▶ **Work order**
In the listing below, find the line with "PRADA Hand Bag" and copy every line from there up to and including the line with "Kanchi Cotton Saree", exactly and without pictures.

▶ **Available data**

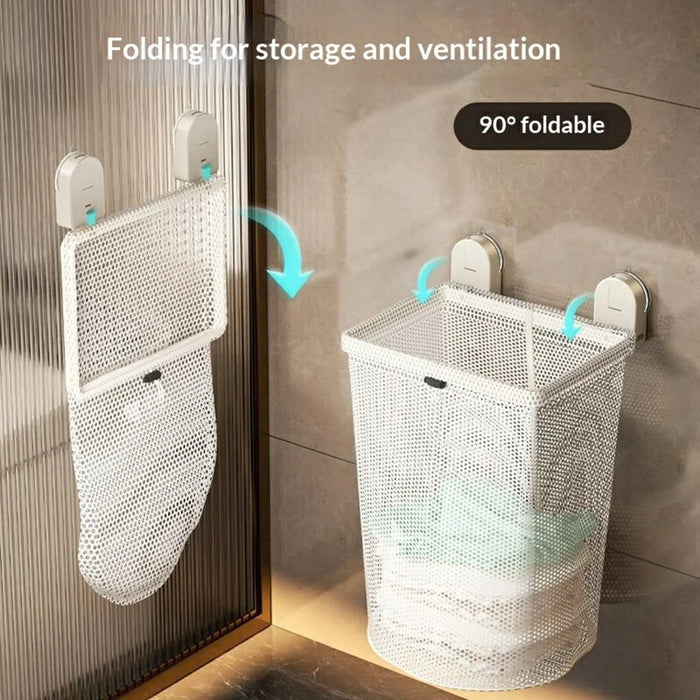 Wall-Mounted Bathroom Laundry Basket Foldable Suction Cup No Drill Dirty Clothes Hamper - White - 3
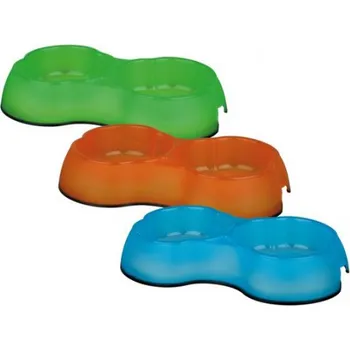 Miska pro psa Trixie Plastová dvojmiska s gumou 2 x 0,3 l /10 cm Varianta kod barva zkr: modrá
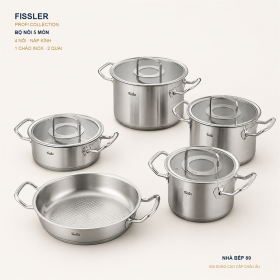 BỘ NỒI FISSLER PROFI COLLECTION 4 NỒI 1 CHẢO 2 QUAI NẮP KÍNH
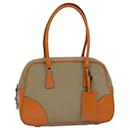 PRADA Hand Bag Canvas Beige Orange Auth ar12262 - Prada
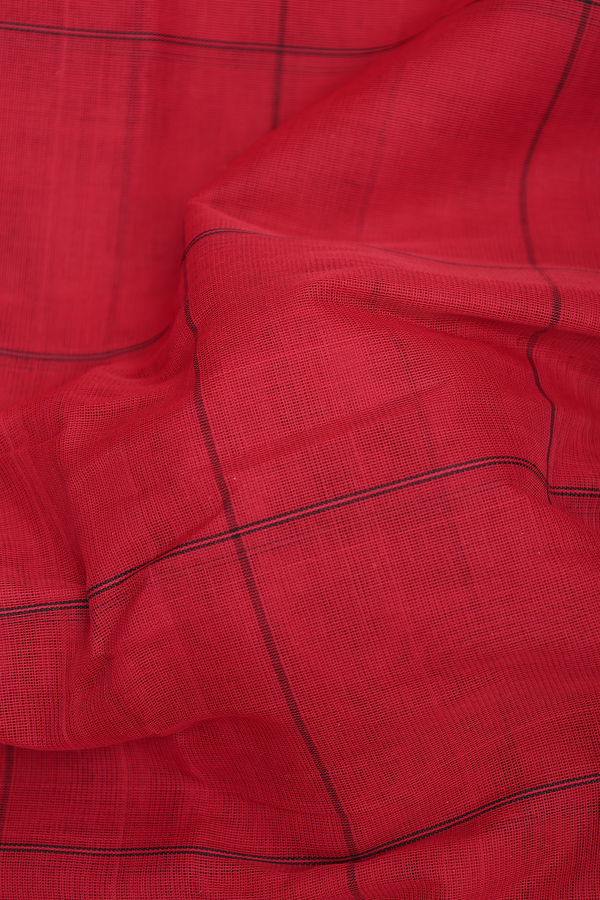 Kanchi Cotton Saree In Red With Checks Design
--
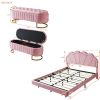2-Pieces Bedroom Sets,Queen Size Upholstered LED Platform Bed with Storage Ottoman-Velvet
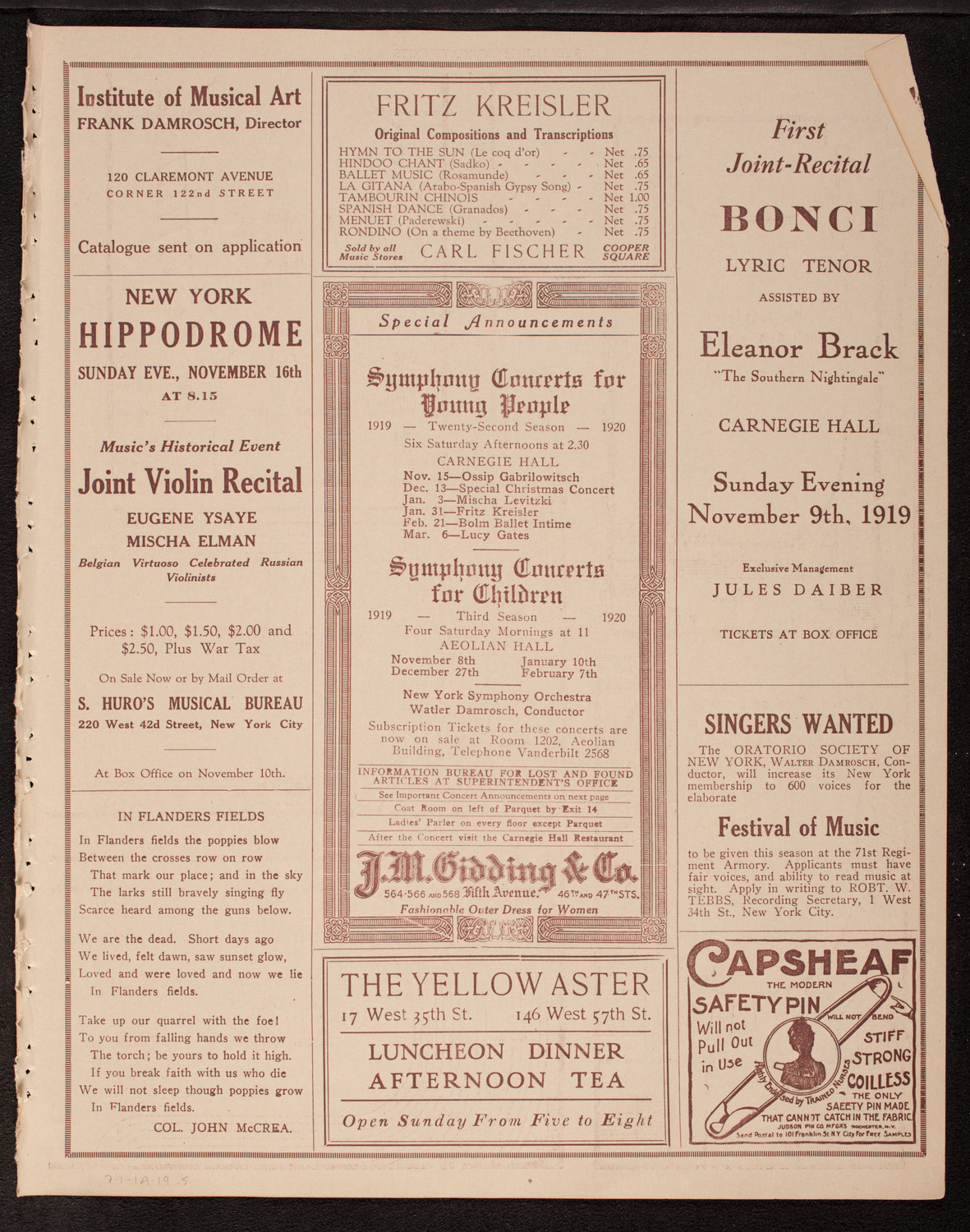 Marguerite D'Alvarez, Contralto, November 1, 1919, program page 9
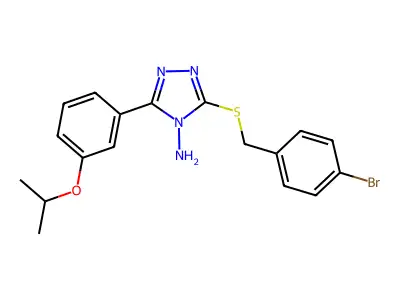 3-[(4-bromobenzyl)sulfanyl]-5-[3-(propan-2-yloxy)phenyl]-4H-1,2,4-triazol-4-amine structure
--
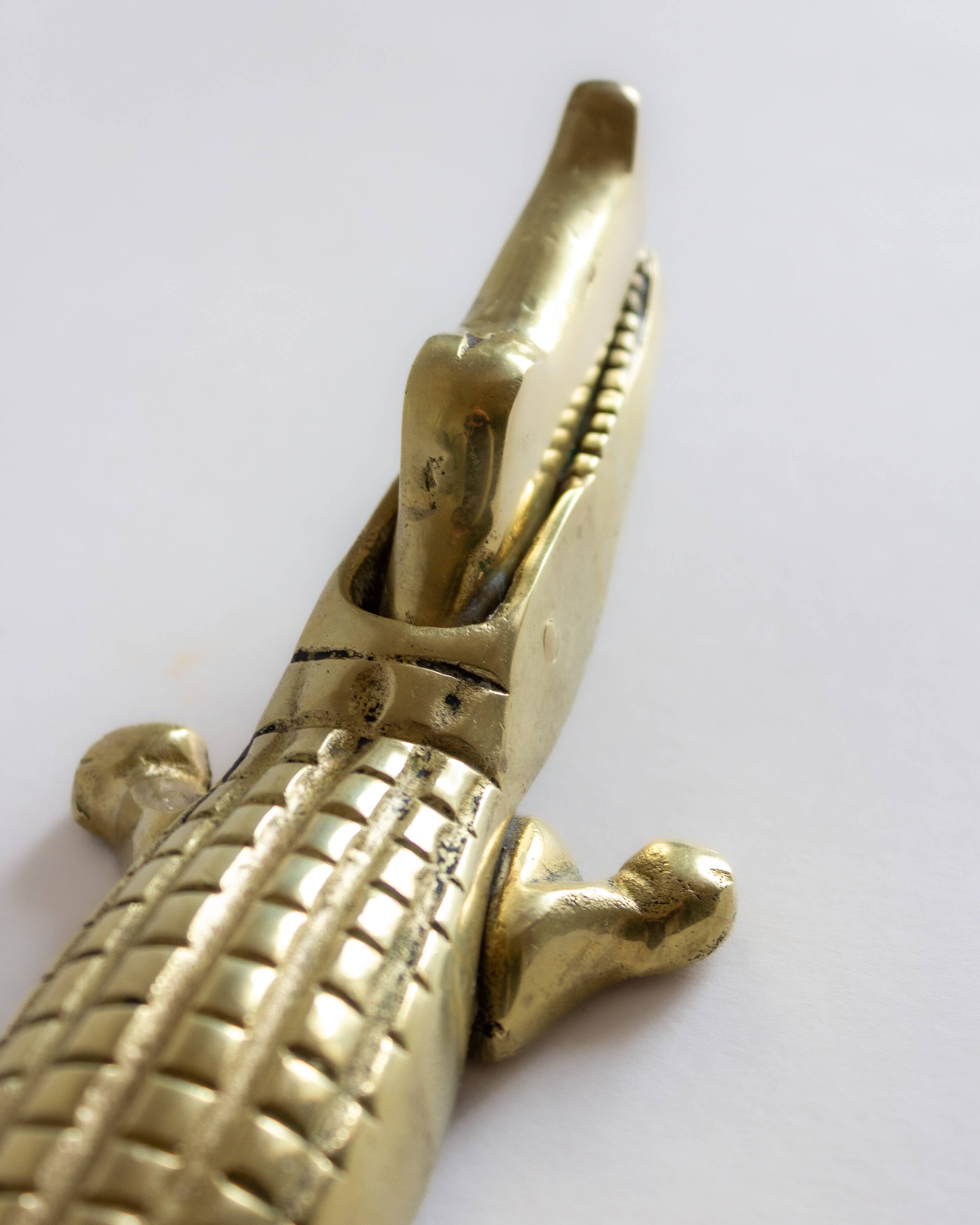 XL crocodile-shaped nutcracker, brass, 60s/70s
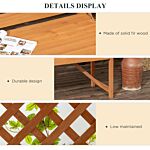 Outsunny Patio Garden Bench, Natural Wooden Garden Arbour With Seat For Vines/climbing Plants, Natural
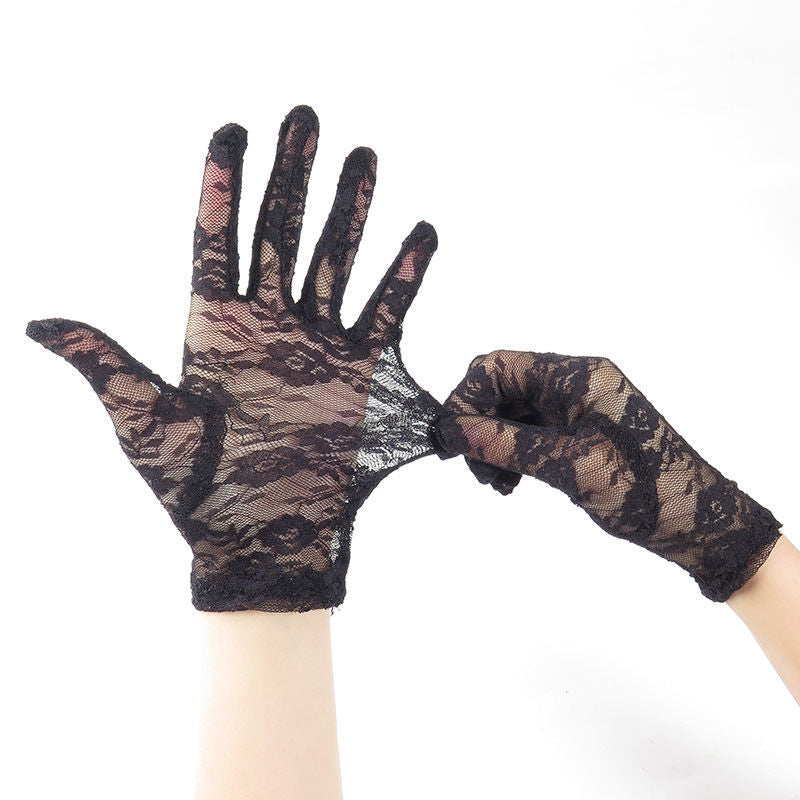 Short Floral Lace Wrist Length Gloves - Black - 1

▶ **Reply**
 PRADA Hand Bag Canvas Beige Orange Auth ar12262 - Prada
 Kanchi Cotton Saree In Red With Checks Design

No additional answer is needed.